## Exercise instructions
Keep only those lines of the records that include the string "Sleeve".

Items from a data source
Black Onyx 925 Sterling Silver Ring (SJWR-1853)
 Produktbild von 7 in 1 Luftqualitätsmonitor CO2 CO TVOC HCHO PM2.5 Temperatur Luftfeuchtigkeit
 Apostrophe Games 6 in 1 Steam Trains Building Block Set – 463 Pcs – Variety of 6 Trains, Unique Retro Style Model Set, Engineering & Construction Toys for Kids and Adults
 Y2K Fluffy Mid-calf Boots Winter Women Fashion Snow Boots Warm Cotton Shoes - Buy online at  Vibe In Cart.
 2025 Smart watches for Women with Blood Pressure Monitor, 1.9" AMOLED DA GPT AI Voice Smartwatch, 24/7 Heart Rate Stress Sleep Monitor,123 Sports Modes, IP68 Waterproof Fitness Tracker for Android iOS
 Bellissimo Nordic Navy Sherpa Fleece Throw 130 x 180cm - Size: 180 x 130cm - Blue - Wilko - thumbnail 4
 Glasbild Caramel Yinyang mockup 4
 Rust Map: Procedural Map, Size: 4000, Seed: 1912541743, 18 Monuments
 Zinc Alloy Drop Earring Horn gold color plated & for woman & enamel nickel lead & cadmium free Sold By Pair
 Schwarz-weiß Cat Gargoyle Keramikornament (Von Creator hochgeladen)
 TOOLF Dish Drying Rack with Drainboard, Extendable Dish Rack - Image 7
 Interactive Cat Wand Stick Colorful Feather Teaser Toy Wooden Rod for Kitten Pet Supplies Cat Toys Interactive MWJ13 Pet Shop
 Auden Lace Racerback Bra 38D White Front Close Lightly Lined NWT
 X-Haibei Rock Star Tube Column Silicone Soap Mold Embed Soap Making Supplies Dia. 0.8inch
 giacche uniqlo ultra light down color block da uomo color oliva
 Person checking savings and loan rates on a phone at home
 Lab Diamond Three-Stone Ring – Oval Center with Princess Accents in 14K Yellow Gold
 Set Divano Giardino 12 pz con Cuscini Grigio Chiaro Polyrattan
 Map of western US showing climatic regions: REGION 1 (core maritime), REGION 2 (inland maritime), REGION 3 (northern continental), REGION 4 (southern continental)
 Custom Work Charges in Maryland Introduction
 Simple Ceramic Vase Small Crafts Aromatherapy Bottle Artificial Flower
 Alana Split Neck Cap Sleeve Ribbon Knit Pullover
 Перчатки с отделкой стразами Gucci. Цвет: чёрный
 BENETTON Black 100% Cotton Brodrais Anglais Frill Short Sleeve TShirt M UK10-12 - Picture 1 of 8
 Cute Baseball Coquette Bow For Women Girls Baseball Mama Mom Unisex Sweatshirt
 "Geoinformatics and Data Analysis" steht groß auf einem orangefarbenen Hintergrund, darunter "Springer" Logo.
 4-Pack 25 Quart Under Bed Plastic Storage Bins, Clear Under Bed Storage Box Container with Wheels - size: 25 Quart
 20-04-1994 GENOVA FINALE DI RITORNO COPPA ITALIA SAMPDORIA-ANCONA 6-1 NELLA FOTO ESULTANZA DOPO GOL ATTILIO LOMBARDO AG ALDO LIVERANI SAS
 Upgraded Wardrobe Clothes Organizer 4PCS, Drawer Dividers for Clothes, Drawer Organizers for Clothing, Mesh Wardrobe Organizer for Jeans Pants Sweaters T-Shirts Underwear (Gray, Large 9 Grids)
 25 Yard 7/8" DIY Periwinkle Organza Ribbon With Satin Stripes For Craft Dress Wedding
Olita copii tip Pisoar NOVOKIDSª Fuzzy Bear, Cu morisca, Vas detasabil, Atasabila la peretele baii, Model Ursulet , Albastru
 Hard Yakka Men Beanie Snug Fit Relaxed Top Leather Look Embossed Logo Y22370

## Response to this exercise
 Alana Split Neck Cap Sleeve Ribbon Knit Pullover
 BENETTON Black 100% Cotton Brodrais Anglais Frill Short Sleeve TShirt M UK10-12 - Picture 1 of 8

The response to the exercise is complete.